▼▼▼

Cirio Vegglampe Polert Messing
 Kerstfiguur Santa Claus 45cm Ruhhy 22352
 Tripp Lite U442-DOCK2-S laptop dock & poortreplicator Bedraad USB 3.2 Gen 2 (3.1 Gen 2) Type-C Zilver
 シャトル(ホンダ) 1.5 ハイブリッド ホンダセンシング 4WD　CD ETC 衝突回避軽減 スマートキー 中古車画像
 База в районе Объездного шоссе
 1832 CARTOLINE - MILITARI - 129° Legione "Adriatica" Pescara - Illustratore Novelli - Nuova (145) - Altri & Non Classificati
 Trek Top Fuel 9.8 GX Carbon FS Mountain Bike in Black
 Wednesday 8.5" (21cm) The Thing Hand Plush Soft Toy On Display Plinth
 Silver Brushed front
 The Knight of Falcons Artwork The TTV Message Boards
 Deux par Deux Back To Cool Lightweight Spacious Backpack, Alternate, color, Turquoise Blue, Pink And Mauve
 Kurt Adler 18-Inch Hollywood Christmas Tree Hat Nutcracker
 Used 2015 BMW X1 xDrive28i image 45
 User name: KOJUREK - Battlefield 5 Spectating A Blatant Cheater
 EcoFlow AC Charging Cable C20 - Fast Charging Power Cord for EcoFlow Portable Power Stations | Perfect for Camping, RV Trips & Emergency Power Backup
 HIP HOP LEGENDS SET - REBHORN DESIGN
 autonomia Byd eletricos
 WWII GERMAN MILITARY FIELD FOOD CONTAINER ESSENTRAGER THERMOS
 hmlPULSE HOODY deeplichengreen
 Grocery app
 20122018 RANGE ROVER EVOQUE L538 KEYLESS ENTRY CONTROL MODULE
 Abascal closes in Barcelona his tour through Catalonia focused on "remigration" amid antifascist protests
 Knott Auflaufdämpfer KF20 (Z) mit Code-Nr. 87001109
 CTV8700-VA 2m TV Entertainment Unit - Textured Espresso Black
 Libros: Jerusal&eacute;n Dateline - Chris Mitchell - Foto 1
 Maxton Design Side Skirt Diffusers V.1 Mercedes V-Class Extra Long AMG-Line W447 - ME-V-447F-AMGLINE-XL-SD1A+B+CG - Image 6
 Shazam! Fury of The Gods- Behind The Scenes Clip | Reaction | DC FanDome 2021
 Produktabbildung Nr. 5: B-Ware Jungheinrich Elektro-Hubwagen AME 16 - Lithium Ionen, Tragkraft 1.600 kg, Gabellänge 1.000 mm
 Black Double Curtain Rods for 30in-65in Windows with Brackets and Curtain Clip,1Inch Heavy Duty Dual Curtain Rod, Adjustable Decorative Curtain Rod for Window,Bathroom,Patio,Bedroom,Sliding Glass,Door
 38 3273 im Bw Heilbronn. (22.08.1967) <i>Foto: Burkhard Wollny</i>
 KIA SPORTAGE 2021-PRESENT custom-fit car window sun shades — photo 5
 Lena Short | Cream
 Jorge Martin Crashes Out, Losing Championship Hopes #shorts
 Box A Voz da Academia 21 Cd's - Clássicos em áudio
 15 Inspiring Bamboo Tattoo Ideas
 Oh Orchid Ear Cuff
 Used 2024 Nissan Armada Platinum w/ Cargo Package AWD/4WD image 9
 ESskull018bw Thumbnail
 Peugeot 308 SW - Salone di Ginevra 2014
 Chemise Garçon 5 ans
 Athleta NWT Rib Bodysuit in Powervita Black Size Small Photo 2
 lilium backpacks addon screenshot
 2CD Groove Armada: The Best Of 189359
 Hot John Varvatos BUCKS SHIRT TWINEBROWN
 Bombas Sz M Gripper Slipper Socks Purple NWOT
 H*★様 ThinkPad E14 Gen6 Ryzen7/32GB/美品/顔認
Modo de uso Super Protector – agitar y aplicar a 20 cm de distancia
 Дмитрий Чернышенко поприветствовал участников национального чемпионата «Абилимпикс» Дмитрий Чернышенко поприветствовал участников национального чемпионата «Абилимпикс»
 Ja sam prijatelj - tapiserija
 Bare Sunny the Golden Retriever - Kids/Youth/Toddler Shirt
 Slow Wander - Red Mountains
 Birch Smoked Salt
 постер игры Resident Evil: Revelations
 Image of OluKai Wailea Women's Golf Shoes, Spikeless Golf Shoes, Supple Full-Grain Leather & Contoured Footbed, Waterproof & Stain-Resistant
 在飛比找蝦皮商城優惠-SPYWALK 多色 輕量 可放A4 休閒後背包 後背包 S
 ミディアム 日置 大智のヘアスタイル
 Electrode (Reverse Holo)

▲▲▲

**AIM OF THE TASK**
In the entries above, identify each line that includes the string "Clip", then copy it.

**OUTPUT FOR THIS TASK**
 Shazam! Fury of The Gods- Behind The Scenes Clip | Reaction | DC FanDome 2021
 Black Double Curtain Rods for 30in-65in Windows with Brackets and Curtain Clip,1Inch Heavy Duty Dual Curtain Rod, Adjustable Decorative Curtain Rod for Window,Bathroom,Patio,Bedroom,Sliding Glass,Door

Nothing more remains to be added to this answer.